Les traîtres de service Mélenchon et Montebourg tirent les premiers (et Larrouturou s’est fait éjecter de son parti Nouvelle Donne, pour avoir apparemment trop « personnalisé » le mouvement), c’est de bonne guerre socialiste, avant de se désister lâchement pour le social-démocrate couvert de leurs crachats. Le principe de réalité en politique a en réalité figé la politique, et l’évolution du pays. La France souffre de son parti unique, celui de la banque, de l’oligarchie et du lobby (militaro-industriel, voyons). Tant qu’il ne sera pas remis en cause, ou contrôlé démocratiquement (par autre chose qu’une Chambre d’enregistrement), elle fera du surplace, et souffrira. La dominance a du bon lorsqu’elle est éclairée (De Gaulle, Kennedy), mais devient néfaste quand elle est aveugle, ou aveuglée par ses propres intérêts.
En quoi diffère cette rentrée des autres rentrées, même si objectivement il n’y a pas de coupure dans l’actu, (avant, c’était quand les « grands » journalistes prenaient leurs vacances... au même endroit) ? Le terrorisme, bien sûr, cette menace planante – cette épée de Daech ou glaive de Gladio – à laquelle nos dirigeants nous disent qu’il faut s’y habituer. S’y habitueront-ils lorsque surgira un terrorisme véritable, venu d’en bas, et qui les visera ? Pas sûr.
Si rien ne change, au fond, tout se complique, pour reprendre le titre d’un album de Sempé : des provocations au déchirement des communautés – ce qu’on appelle aujourd’hui l’ingénierie sociale – se multiplient. Après l’épisode Black M qui devait chanter à Verdun (il vient de répondre avec ce clip dégoulinant de démagogie), une initiative conjointe du lobby antiraciste et du président de la République, ont suivi les épisodes Burkini et Cénacle.
Le burkini est cette tenue islamique pour dames qui vont aux bains, pour parler en langage châtié, et le Cénacle le nom de ce restaurant de Tremblay (93) dont le patron a refusé de servir deux femmes voilées. Dans les deux cas, photos et vidéos de la « provocation », quel que soit le côté duquel on se place, ont été prises et aussitôt mises en lignes ; quant au feu, il a été mis aux poudres.
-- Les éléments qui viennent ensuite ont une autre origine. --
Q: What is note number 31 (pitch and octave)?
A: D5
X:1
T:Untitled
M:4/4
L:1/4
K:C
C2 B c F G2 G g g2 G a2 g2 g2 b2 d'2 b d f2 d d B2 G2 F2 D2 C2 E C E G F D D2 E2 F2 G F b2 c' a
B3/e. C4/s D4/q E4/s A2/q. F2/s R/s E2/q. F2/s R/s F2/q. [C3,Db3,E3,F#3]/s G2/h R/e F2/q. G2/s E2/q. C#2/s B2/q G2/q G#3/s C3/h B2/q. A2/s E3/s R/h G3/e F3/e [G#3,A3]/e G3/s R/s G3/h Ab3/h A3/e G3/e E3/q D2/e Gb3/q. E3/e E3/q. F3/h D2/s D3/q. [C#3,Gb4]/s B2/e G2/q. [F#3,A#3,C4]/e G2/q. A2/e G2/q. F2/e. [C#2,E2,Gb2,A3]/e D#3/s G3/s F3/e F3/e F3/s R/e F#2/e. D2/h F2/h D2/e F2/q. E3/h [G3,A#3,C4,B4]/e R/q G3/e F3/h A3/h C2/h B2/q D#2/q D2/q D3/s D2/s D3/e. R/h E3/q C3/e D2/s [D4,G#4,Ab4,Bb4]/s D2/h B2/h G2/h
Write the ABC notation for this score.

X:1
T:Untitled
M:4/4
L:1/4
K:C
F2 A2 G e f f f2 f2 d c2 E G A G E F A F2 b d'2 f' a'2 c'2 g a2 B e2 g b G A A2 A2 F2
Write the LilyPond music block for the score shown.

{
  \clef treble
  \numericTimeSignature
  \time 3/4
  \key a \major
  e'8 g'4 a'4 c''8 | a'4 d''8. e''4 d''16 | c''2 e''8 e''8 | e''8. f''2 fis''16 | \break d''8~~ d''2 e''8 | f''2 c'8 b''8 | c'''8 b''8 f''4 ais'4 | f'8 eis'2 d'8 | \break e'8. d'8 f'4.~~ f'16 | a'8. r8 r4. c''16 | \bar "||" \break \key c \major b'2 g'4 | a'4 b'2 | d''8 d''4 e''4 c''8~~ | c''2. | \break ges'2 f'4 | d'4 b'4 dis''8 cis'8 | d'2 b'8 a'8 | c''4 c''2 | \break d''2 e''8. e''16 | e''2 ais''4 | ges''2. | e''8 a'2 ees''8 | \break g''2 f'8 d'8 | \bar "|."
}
Depuis, le village gaulois symbolisé par les réseaux sociaux ET les intervenants habituels du monde médiatico-politique (les « résoces » [1] incarnent l’irruption du public – du moins de sa partie active – dans le débat officiel, un progrès démocratique obtenu par force et qui change la donne) s’écharpe et s’entre-déchire. Comme d’habitude, on allait dire.
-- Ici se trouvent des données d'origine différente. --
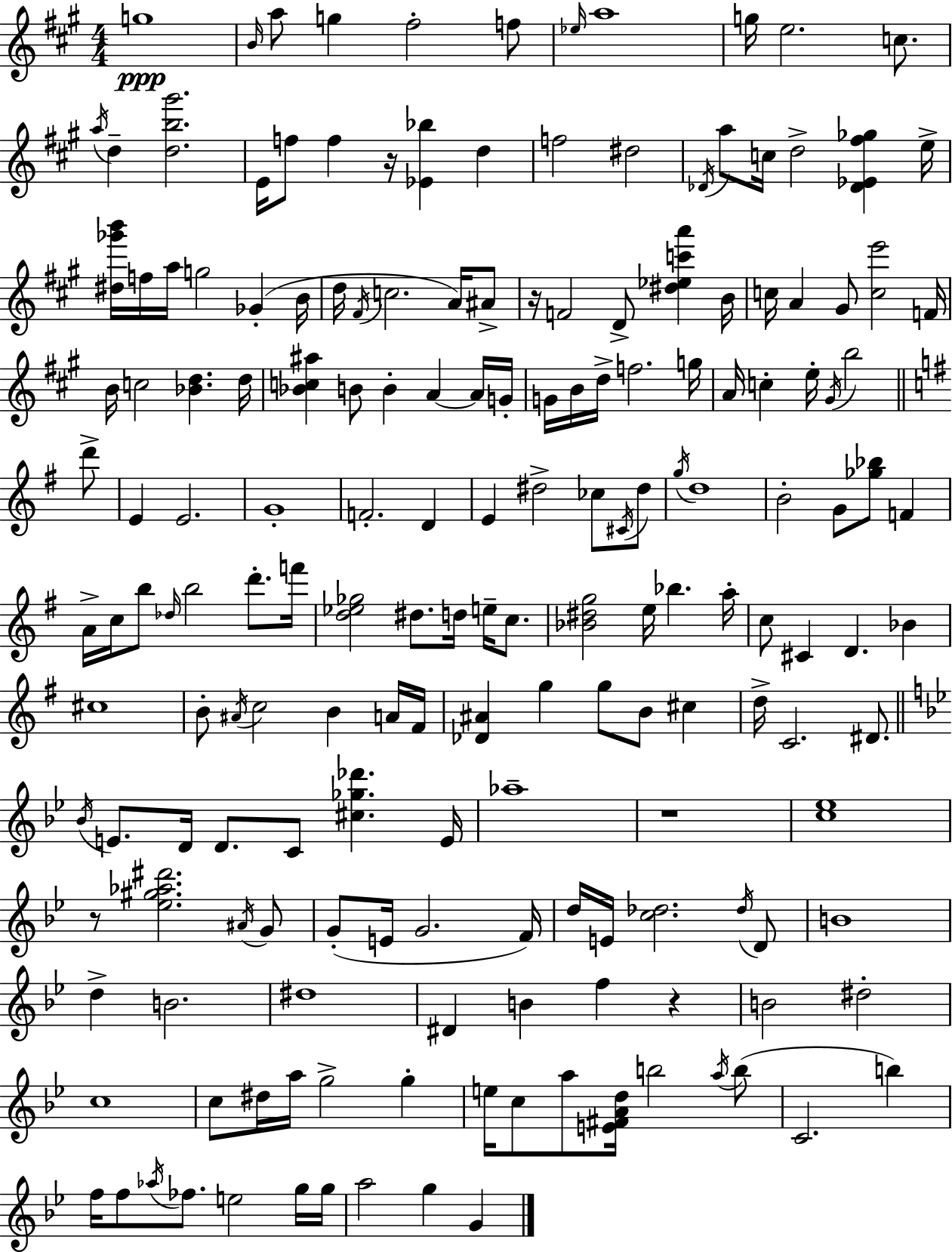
G5/w B4/s A5/e G5/q F#5/h F5/e Eb5/s A5/w G5/s E5/h. C5/e. A5/s D5/q [D5,B5,G#6]/h. E4/s F5/e F5/q R/s [Eb4,Bb5]/q D5/q F5/h D#5/h Db4/s A5/e C5/s D5/h [Db4,Eb4,F#5,Gb5]/q E5/s [D#5,Gb6,B6]/s F5/s A5/s G5/h Gb4/q B4/s D5/s F#4/s C5/h. A4/s A#4/e R/s F4/h D4/e [D#5,Eb5,C6,A6]/q B4/s C5/s A4/q G#4/e [C5,E6]/h F4/s B4/s C5/h [Bb4,D5]/q. D5/s [Bb4,C5,A#5]/q B4/e B4/q A4/q A4/s G4/s G4/s B4/s D5/s F5/h. G5/s A4/s C5/q E5/s G#4/s B5/h D6/e E4/q E4/h. G4/w F4/h. D4/q E4/q D#5/h CES5/e C#4/s D#5/e G5/s D5/w B4/h G4/e [Gb5,Bb5]/e F4/q A4/s C5/s B5/e Db5/s B5/h D6/e. F6/s [D5,Eb5,Gb5]/h D#5/e. D5/s E5/s C5/e. [Bb4,D#5,G5]/h E5/s Bb5/q. A5/s C5/e C#4/q D4/q. Bb4/q C#5/w B4/e A#4/s C5/h B4/q A4/s F#4/s [Db4,A#4]/q G5/q G5/e B4/e C#5/q D5/s C4/h. D#4/e. Bb4/s E4/e. D4/s D4/e. C4/e [C#5,Gb5,Db6]/q. E4/s Ab5/w R/w [C5,Eb5]/w R/e [Eb5,G#5,Ab5,D#6]/h. A#4/s G4/e G4/e E4/s G4/h. F4/s D5/s E4/s [C5,Db5]/h. Db5/s D4/e B4/w D5/q B4/h. D#5/w D#4/q B4/q F5/q R/q B4/h D#5/h C5/w C5/e D#5/s A5/s G5/h G5/q E5/s C5/e A5/e [E4,F#4,A4,D5]/s B5/h A5/s B5/e C4/h. B5/q F5/s F5/e Ab5/s FES5/e. E5/h G5/s G5/s A5/h G5/q G4/q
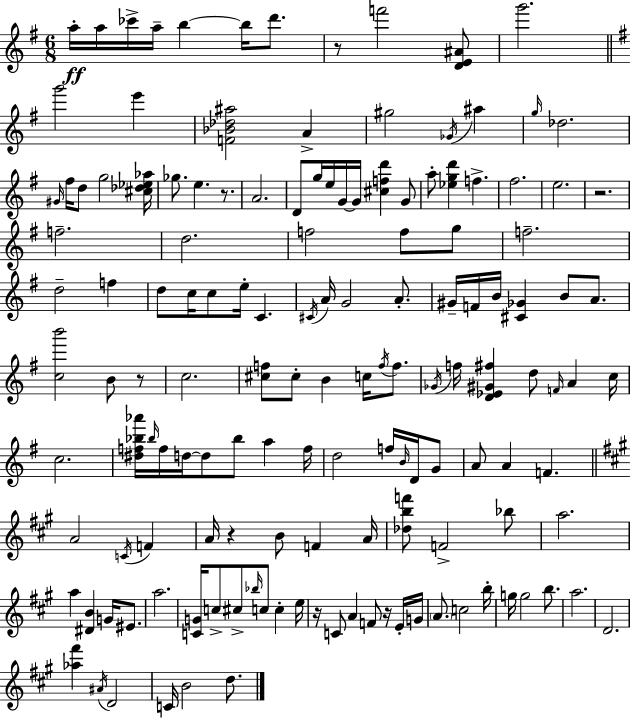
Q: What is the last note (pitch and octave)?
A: D5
Là encore, le temps verra les manipulations des uns et des autres détricotées. Mais aujourd’hui, on peut dire que les épisodes 2 et 3 bénéficient au président, qui cherche à recoller avec sa base électorale d’origine immigrée, malgré les croche-dalles de son Premier ministre, qui est ouvertement en campagne contre son boss, et qui prend un malin plaisir à envenimer les choses. En maniant le « pas d’amalgame » d’un côté et le « dans burkini y a burqa » de l’autre. Gros clin d’œil aux Français non musulmans qui voient d’un mauvais œil la montée d’un islamisme décomplexé dans les lieux publics.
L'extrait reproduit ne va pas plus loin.